<<<<

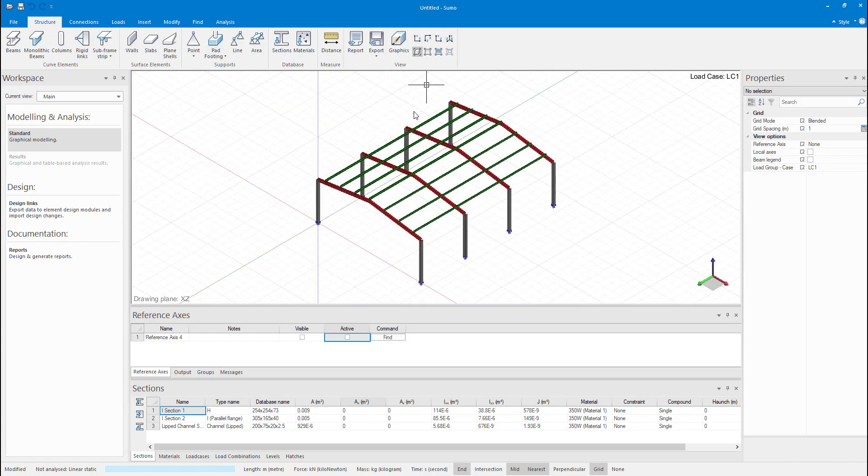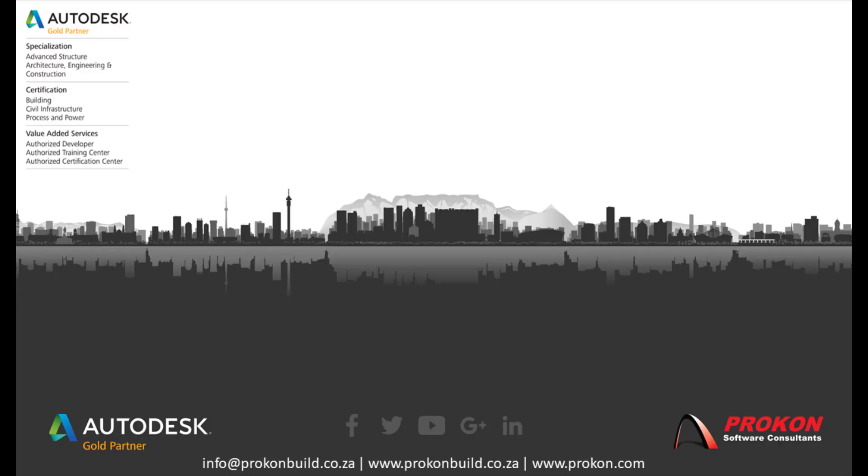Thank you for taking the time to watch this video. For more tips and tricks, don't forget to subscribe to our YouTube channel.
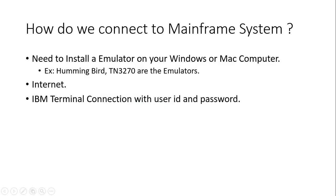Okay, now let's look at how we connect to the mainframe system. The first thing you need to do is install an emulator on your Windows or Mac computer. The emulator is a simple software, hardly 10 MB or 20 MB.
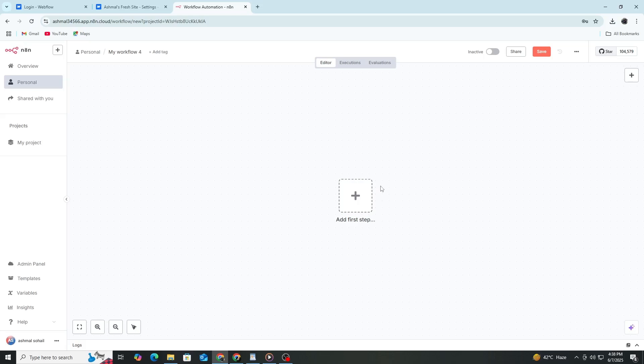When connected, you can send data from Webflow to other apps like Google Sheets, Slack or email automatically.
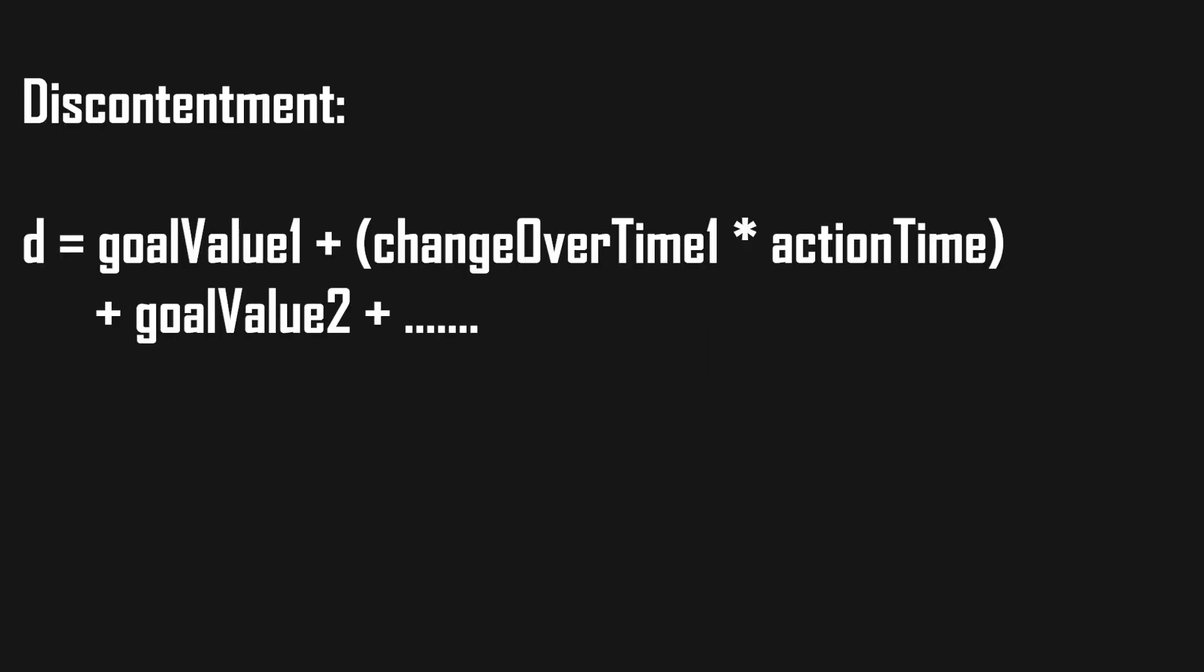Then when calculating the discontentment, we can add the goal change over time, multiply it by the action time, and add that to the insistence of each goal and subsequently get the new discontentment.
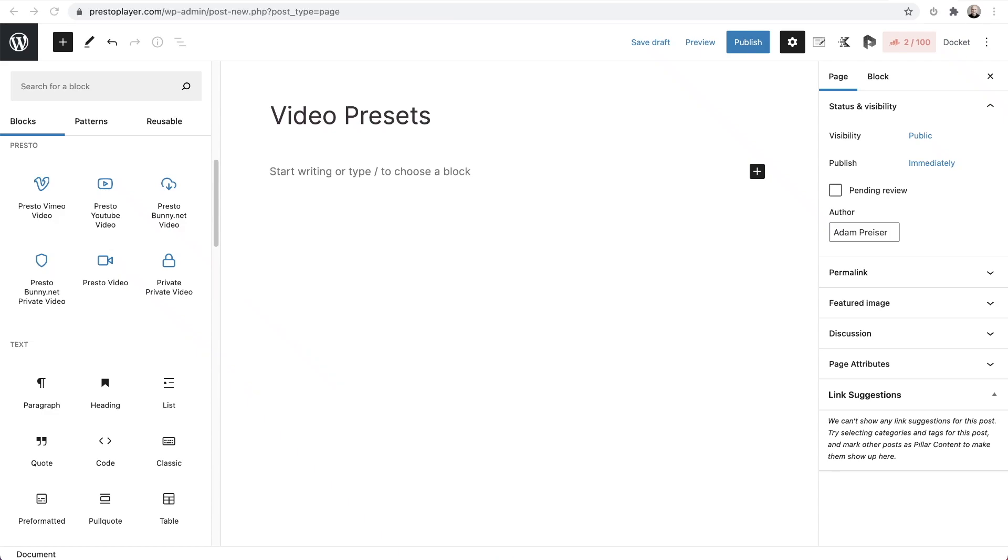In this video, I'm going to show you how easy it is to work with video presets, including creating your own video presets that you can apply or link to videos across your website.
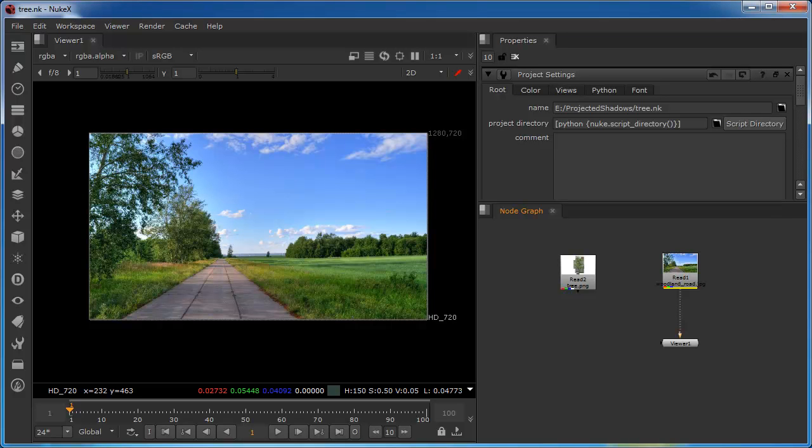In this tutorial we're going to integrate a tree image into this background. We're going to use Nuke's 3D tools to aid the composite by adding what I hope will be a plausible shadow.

>>>>
<<<<

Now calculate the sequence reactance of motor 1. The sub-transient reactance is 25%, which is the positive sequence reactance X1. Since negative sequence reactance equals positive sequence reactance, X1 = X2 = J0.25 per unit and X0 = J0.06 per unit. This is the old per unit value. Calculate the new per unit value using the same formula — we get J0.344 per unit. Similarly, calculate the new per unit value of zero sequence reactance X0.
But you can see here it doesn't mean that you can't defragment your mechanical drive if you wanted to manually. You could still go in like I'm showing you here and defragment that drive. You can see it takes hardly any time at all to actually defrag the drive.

>>>>

_Problem statement_: From the records above, return exactly the lines running from the one that contains "Thank you for" down to the one that contains "In this tutorial", both included, without any pictures.

_Answer space_:
Thank you for taking the time to watch this video. For more tips and tricks, don't forget to subscribe to our YouTube channel.
Okay, now let's look at how we connect to the mainframe system. The first thing you need to do is install an emulator on your Windows or Mac computer. The emulator is a simple software, hardly 10 MB or 20 MB.
When connected, you can send data from Webflow to other apps like Google Sheets, Slack or email automatically.
Then when calculating the discontentment, we can add the goal change over time, multiply it by the action time, and add that to the insistence of each goal and subsequently get the new discontentment.
In this video, I'm going to show you how easy it is to work with video presets, including creating your own video presets that you can apply or link to videos across your website.
In this tutorial we're going to integrate a tree image into this background. We're going to use Nuke's 3D tools to aid the composite by adding what I hope will be a plausible shadow.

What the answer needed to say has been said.